The greatest changes in the city's common landscape are not caused by real estate agents, the destruction of historic buildings or the construction of beautiful or disastrous skyscrapers. Major changes are instead caused by nature, demonstrating the fragility of our icons. Sandy, and now Jonas, come to reveal how vulnerable our imaginary is.
In the case of the winter storm Jonas, the first one to affect the East Coast metropolis this season, people are not having a very good time. The cold is tough but it also brings about a calm vision once the storm is over.
When we got Montse Zamorano's images from the day after the storm, we asked her about her first impressions, but above all about the typical silence that lays over everything after the storm.
In a city like New York discovering that you can listen to the silence is always a surprise:
It's strange not to hear noise in New York. However, on Saturday Jonas silenced the bustle of the city, the shouting in the streets, the sound of cars and sirens, only the blizzard was heard instead.
Excited about the first snowfall this season, we decided to go to Central Park. Once on the street, snow came from all directions. Gusts of wind blew up the snow and made it complicated to see and walk. I had my camera with me but didn't take it out in case it would get damaged, so I took all the photos with my phone.
The town was half empty and we only met a shopkeeper removing the snow in front of his store, a couple of taxis or a delivery man moving around very slowly and, surprisingly, several runners training in shorts.

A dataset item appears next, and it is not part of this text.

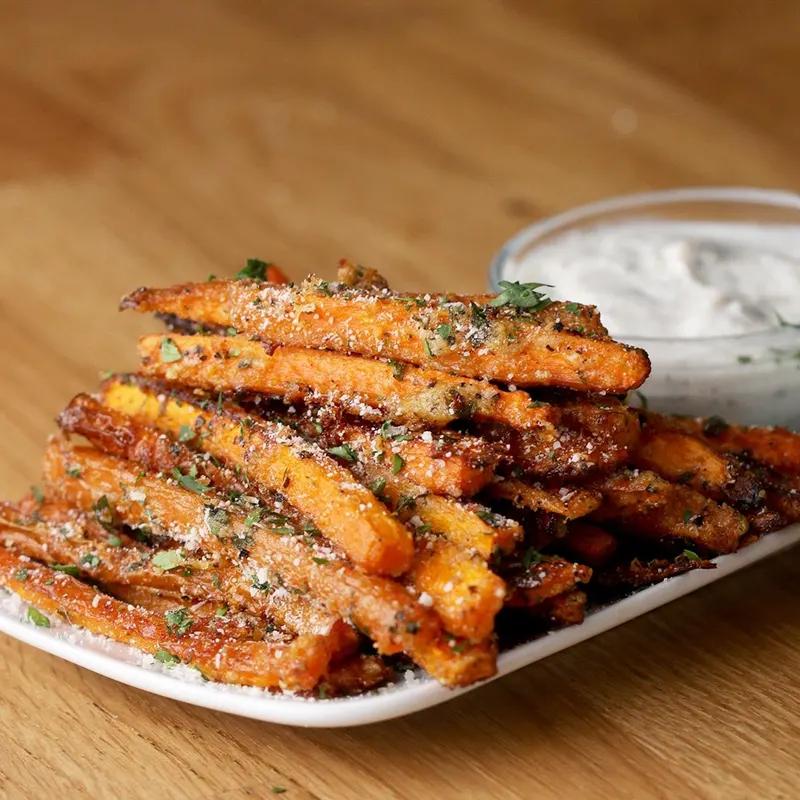 Vegetarian Gluten-Free Garlic Parmesan Baked Carrot Fries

Meanwhile, snow was piling up on the sidewalks and in the streets. At 2:30 p.m. all travel was banned except for emergency vehicles and soon after all the shops were closed.

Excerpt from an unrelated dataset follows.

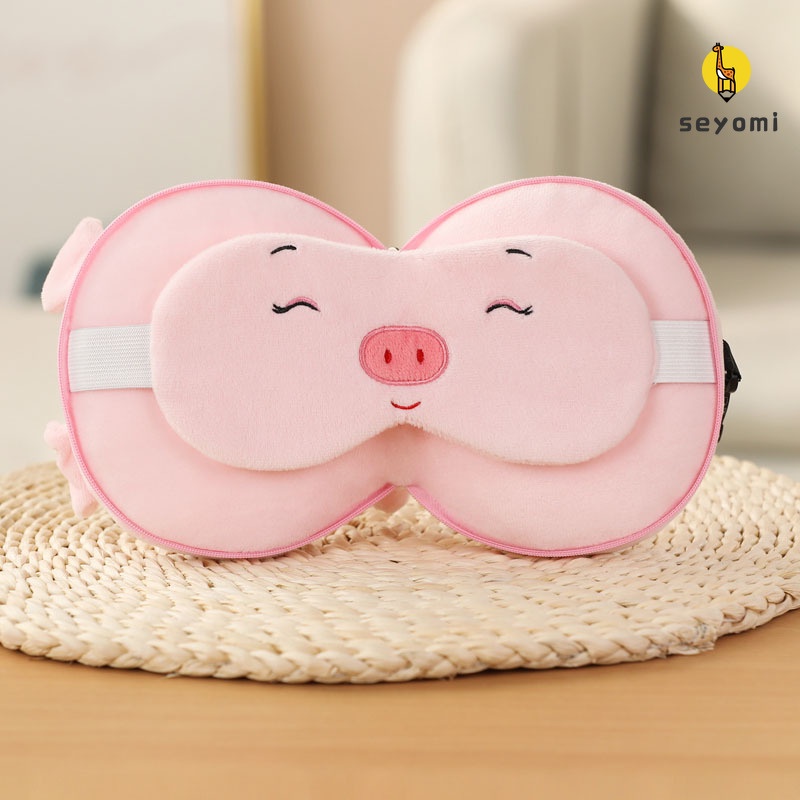 Mặt Nạ Che Mắt 2 Trong 1 Bằng Vải Bông Hình Thú Hoạt Hình Giúp Thư Giãn Giấc Ngủ Trưa Chiều Cho Nữ
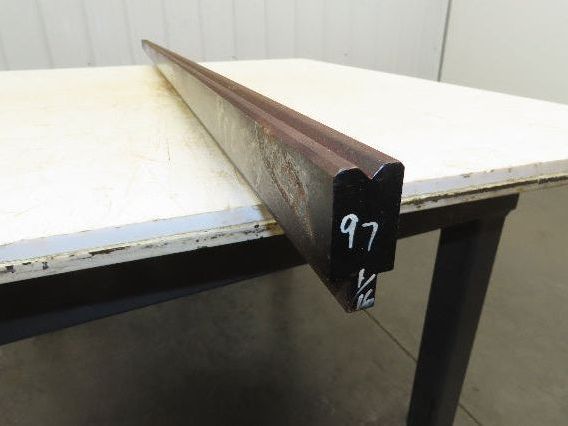 Press Brake Die 97-1/16" Long 90° V 5/16" W 3/16" D 1-3/4" H 1/2" Tang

The day after was completely different. It was sunny and groups of friends and entire families carrying sleds and mats could be seen in the streets on their way to Central Park. People threw themselves down the slopes of the park, made snowmen or even went cross-country skiing and snowshoeing. The cars run along the main streets and some sidewalks had been cleared, but side streets were still full of snow, which had turned from white to gray.
Jonas is over now and has left a city full of snow and ice that will take weeks to disappear from the sidewalks. Meanwhile, the continuous bustle of people, beeping of cars and the sound of sirens are back.
Montse Zamorano
Montse's photographs let us discover a different, unpolluted and clean Manhattan, covered by a white mantle it becomes a pristine metaphor of itself. The images of a utopian purity for Manhattan are nothing but another delirious vision of Manhattan, transcribed by Montse Zamorano's exceptional pictures.